I recently spoke with an enterprise software company that had launched a “Cloud” initiative. Like so many others, ourselves included, they had flocked to the variety of services available from Amazon, Azure, Softlayer, Rackspace and others to “scale” their business using the latest cloud technology.

I have examined all these services in some level of detail, and have found them all to be very good when paired with the right job. In our business, we rely on our technology partnerships to help ensure 100% uptime for our customers. In turn, our customers rely on us for dependable service that allows their business to run smoothly. Downtime is a really big problem. As such, they expect us to write a fairly intense SLA (Service Level Agreement) into our contracts, because if we are down, they are down. There are usually substantial financial implications of downtime, and it’s important to ensure that all parties are fully “incented” to react quickly if a downtime situation arises.

As we all know, downtime has been a problem with many of the larger providers recently. I understand that downtime happens, but where this gets to be a challenge is in the SLAs of these firms. Are you willing to bet your business on this? Below is an excerpt from a leading firm’s Service Level Agreement, which is typical.

“XXXXXX will use commercially reasonable efforts to make XXXXXX available with an Annual Uptime Percentage (defined below) of at least 99.95% during the Service Year. In the event XXXXXX does not meet the Annual Uptime Percentage commitment, you will be eligible to receive a Service Credit.”

This firm goes on to note that the service credit will equal 10% of your bill for the affected period. Thanks.

I have a former customer that once calculated downtime costs for his business at $1000/minute. I also have a current customer that received EU 500/minute penalties for downtime in their ability to communicate and take orders from their customers. So, let’s run some quick math. 99.5% uptime translates into approximately four hours and 23 minutes of downtime per year, or around 22 minutes per month. In the case of my former customer, 22 minutes of downtime per month equals $22,000 of lost revenue. If a business pays $10,000/month for cloud services, they would only receive a $1000 credit for their loss. That’s not acceptable, and I can assure you, they won’t wait around for it to happen again – they WILL look elsewhere.

The bottom line is that while the outage will have financial impact, both in terms of lost revenue and SLA payouts, the major hit will be that of customer confidence. Any credits offered will be insignificant in replacing either revenue or customer perception.

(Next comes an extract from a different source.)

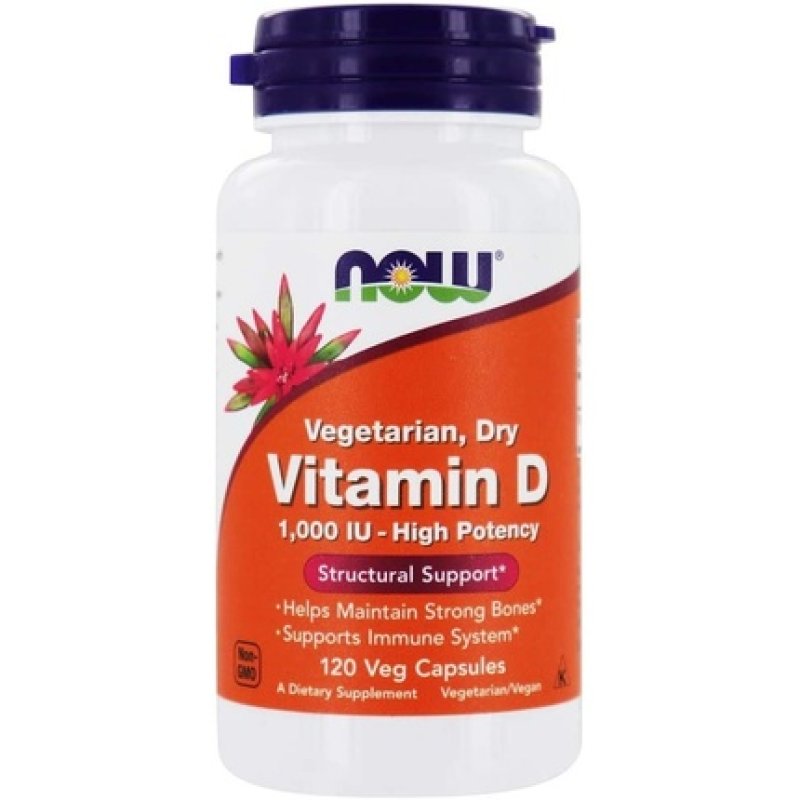 Now Foods Vegetarian Vitamin D2 120 Veg Capsules 1000 IU/25mcg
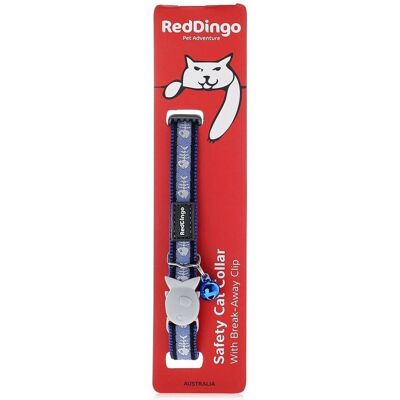 Red Dingo mörkblå katthalsband med fiskbenmönster och justerbar längd Red Dingo mörkblå katthalsband med fiskbenmönster och justerbar längd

As a SaaS company, we have a lot of moving parts — our network, hardware, operating systems, database systems, our code base, etc. All must work flawlessly together to ensure a great end customer experience. As enterprises seriously consider cloud services, take a cold, hard look at the Service Level Agreements and the real commitment to uptime that the supplier can provide. I think you will be surprised and choose your partner very carefully — which is why we chose Internap as our cloud hosting provider.

For more information about evaluating cloud providers, read the Cloud Hosting Buyer’s Guide.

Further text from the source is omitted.